> **TASK TO COMPLETE**:
Leaving out the images, please reproduce each line below exactly.

STUDY MATERIAL START

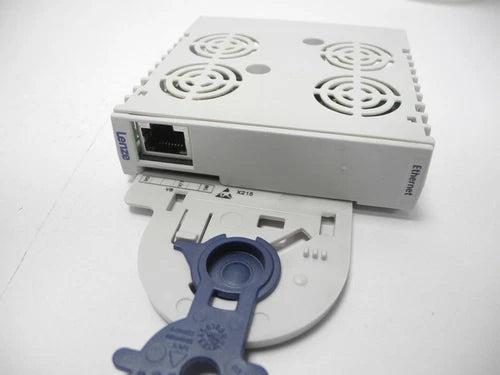 Lenze Servo Drive 9400 Ethernet Extension Module E94AYCEN HW:VB Excellent Condition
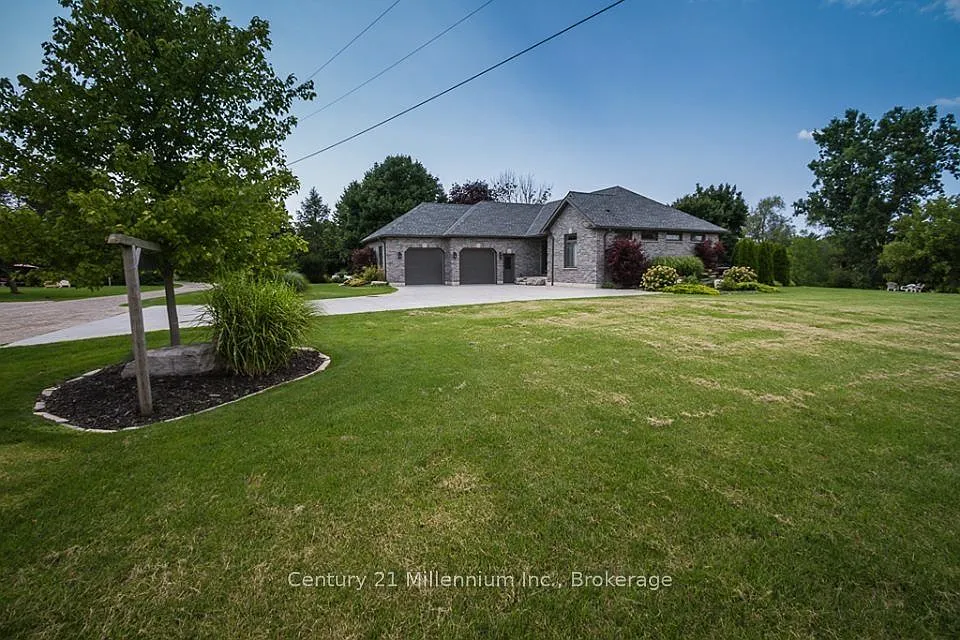 5 bed, $2,900 — Photo 2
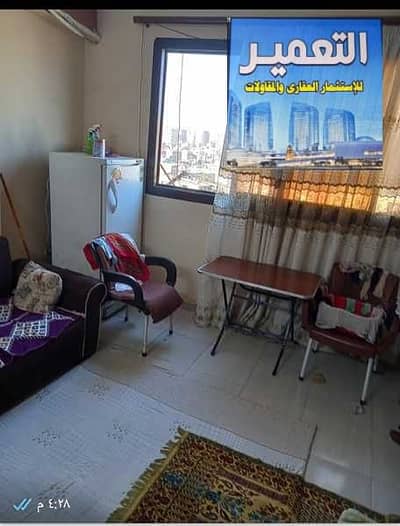 شقة قرب مترو الحلمية غير مجروحة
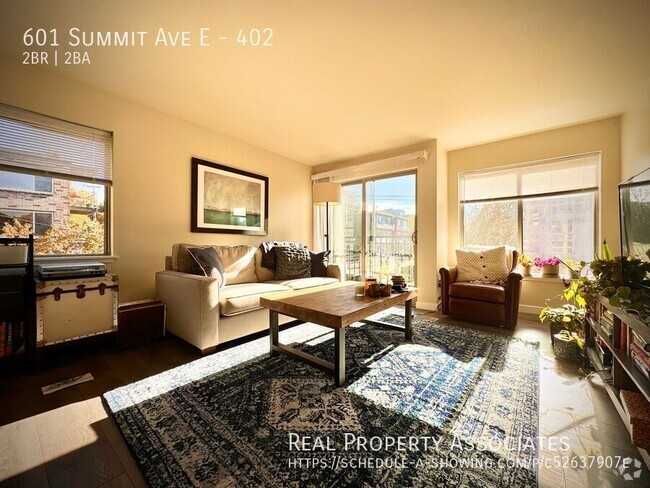 Building Photo - Spacious Apartment with Stunning Views and...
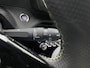 Peugeot e-2008 EV GT 54 kWh | Apple carplay | Navi | Sportstoelen | LED | Cruise ad. | Camera | Rijstrooksens. | 17 inch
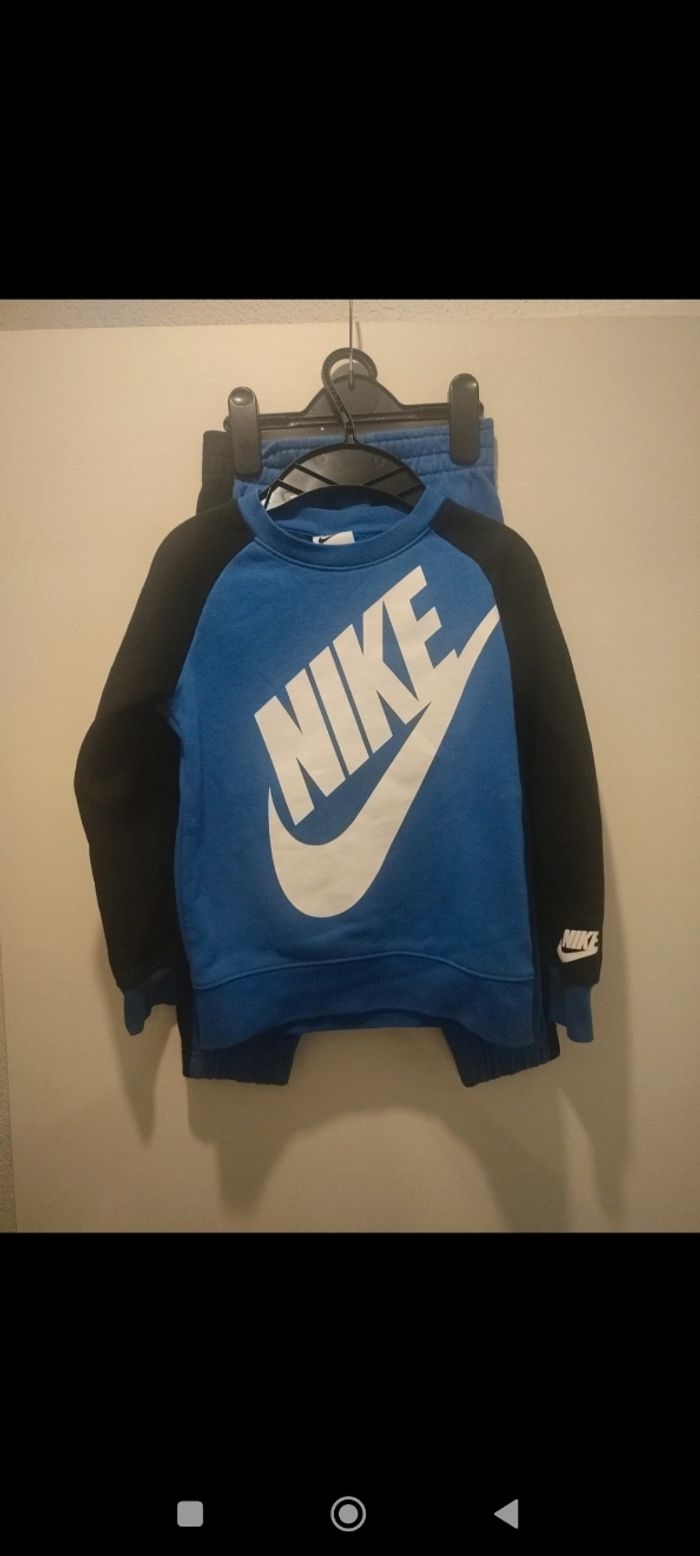 Ensemble Nike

STUDY MATERIAL END

> **EXERCISE RESPONSE**:
 Lenze Servo Drive 9400 Ethernet Extension Module E94AYCEN HW:VB Excellent Condition
 5 bed, $2,900 — Photo 2
 شقة قرب مترو الحلمية غير مجروحة
 Building Photo - Spacious Apartment with Stunning Views and...
 Peugeot e-2008 EV GT 54 kWh | Apple carplay | Navi | Sportstoelen | LED | Cruise ad. | Camera | Rijstrooksens. | 17 inch
 Ensemble Nike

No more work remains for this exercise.